But it didn’t matter. She lost anyway.

For a few months after the election, I was in a state of disbelief. I, like a lot of people, hoped against hope that some damning information about Trump would come out that would disqualify him from the presidency; when none came, Hillary and I went our separate ways. I accepted that Trump was President and started to keep an eye on where the Democratic Party would go next, and she took some time off to recover from the campaign and wander around the forest.

Then she came back; for the sake of everybody’s sanity, I wish she hadn’t.
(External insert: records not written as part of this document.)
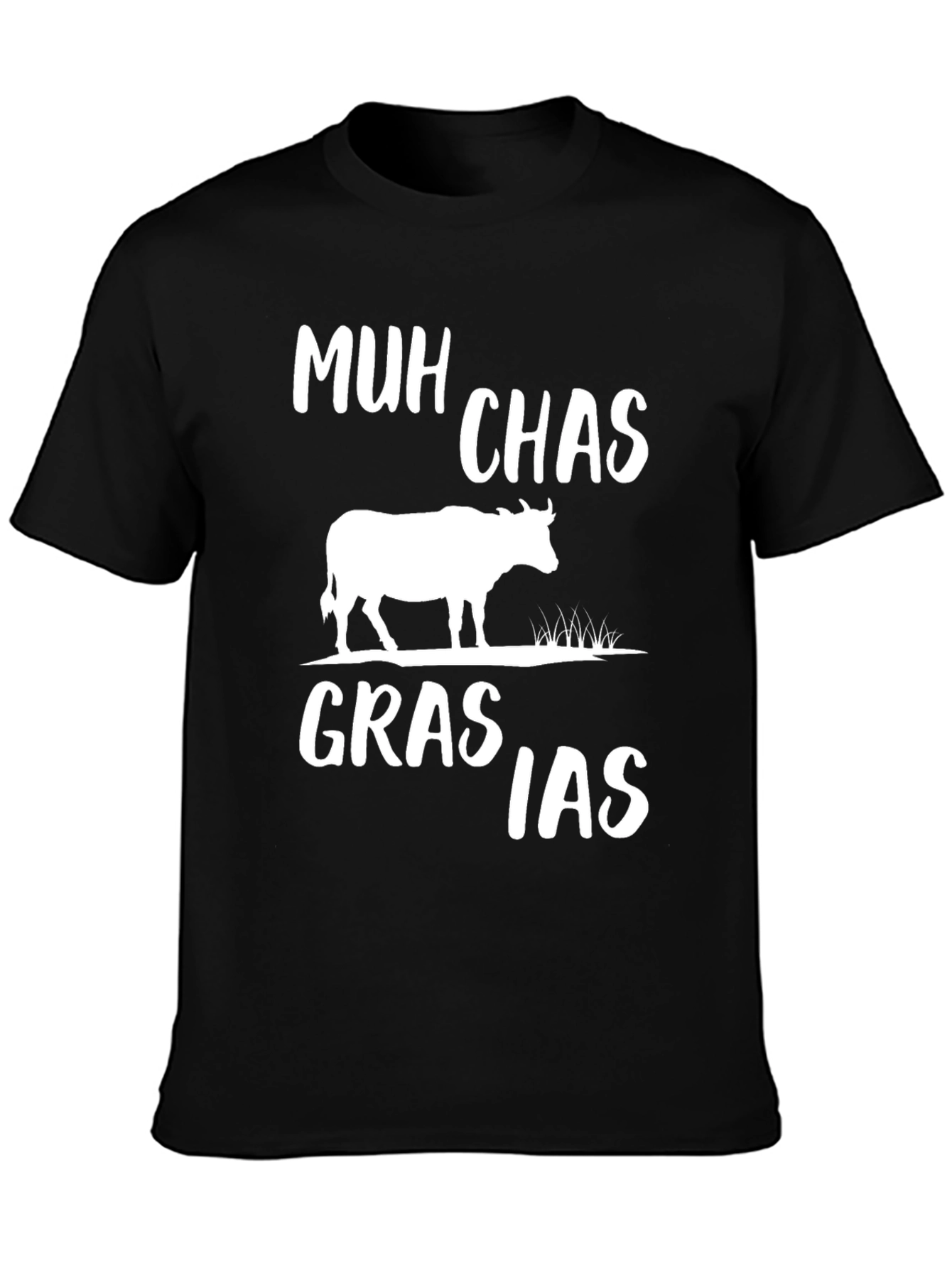 Muh Chas Grasias T-Shirt - Funny Cow Graphic Tee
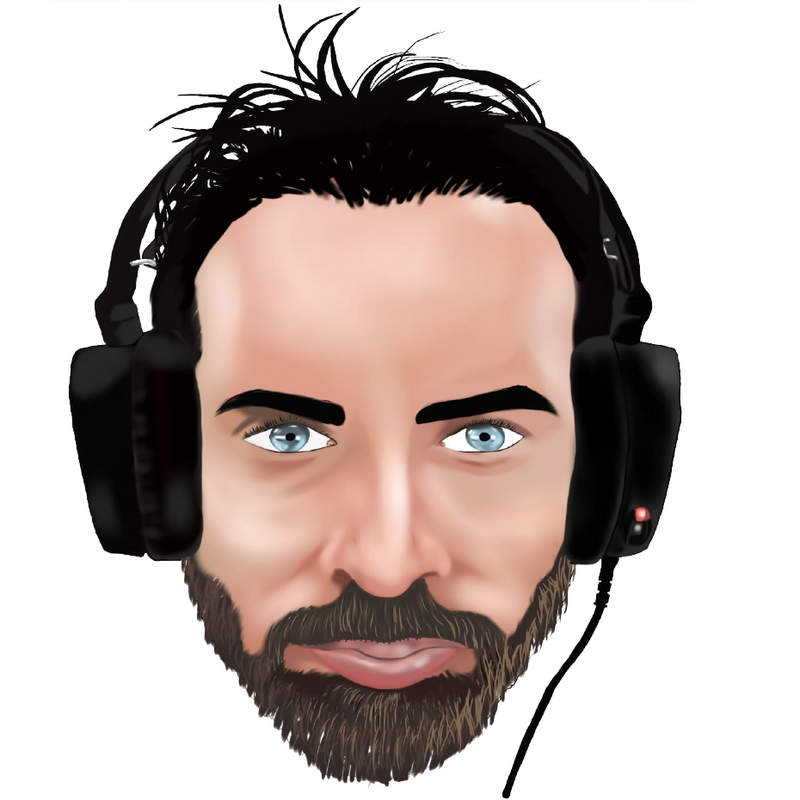 Arte pintado Digital por mi esposo en su celular basándose en la foto del cliente. 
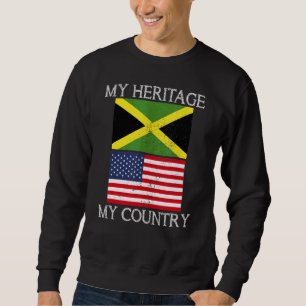 My Heritage My Country Jamaican American Tee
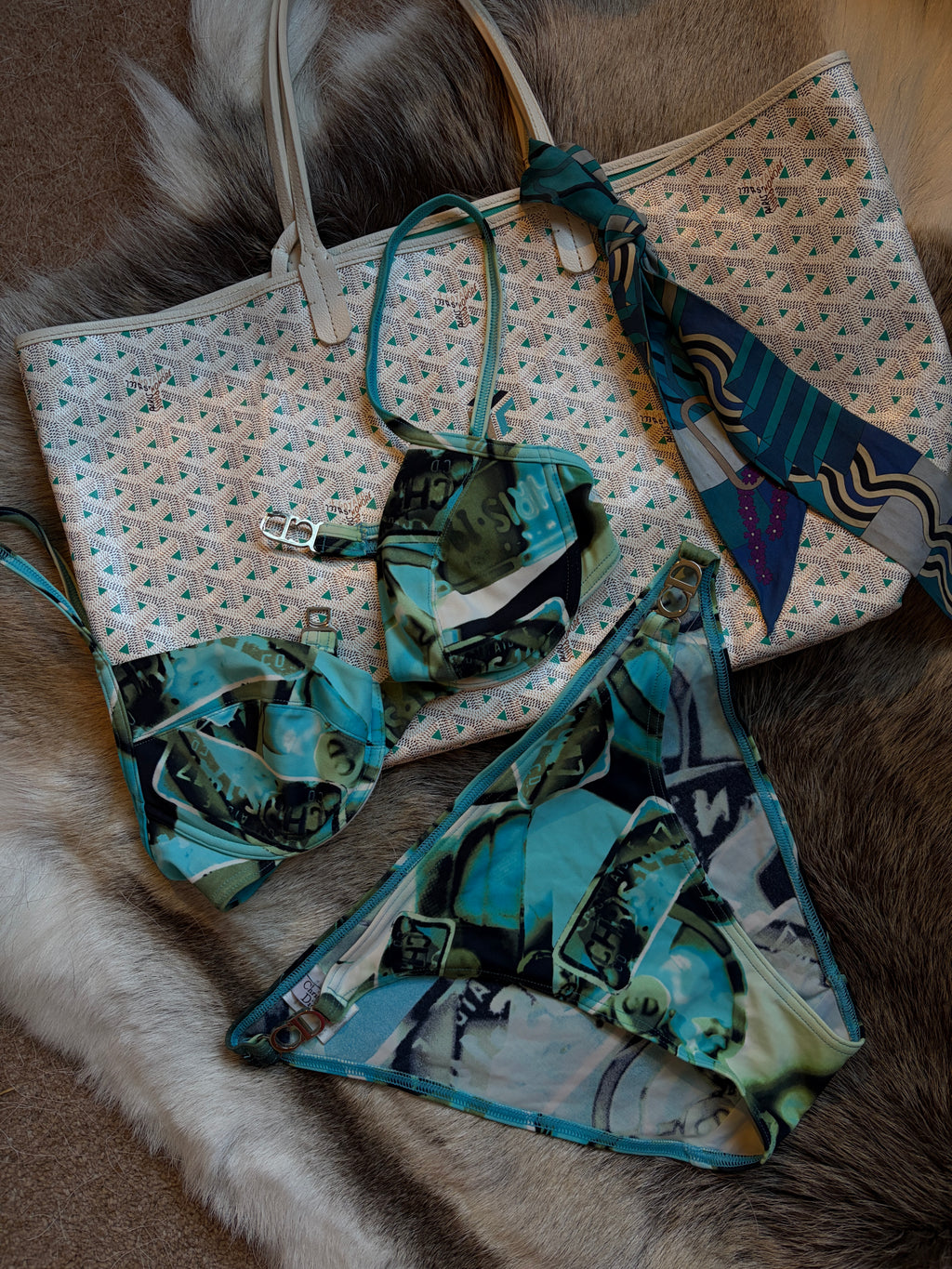 Vintage Christian Dior FW2001 Cadillac Bikini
I am not particularly interested in re-litigating the 2016 election. There are plenty of detailed postmortems out there for those who wish to read them, but at this point, they’re not particularly useful except as a historical record of how things went so wrong last November. You could blame Hillary’s loss on any number of things: James Comey’s letter, Hillary not campaigning in Wisconsin, “but her emails” – the list goes on and on. And, sure, these were all preventable errors by Hillary or her campaign (or, in the case of the Comey letter, just plain bad luck), but all of those things by themselves weren’t enough to sink her campaign; even combined, Hillary probably could still have overcome them. The reason she lost is more simple than that: a lot of voters just didn’t like her.

That’s not to say that they actively disliked her, per se, but she didn’t do much to endear herself to people who weren’t already sold on her. She wasn’t a lovable old crank like Bernie, nor was she a loudmouthed, preening, anthropomorphic pile of discarded Andrew Dice Clay jokes wrapped in an American flag (made in China) like Trump. She was just…there, remaining somewhat above the fray and positioning herself as The Qualified One, The One Who Can Get Things Done. Some of that was deliberate; Hillary couldn’t get away with saying the kinds of things Trump did, and when she tried (like with her “basket of deplorables” comment), it backfired horribly.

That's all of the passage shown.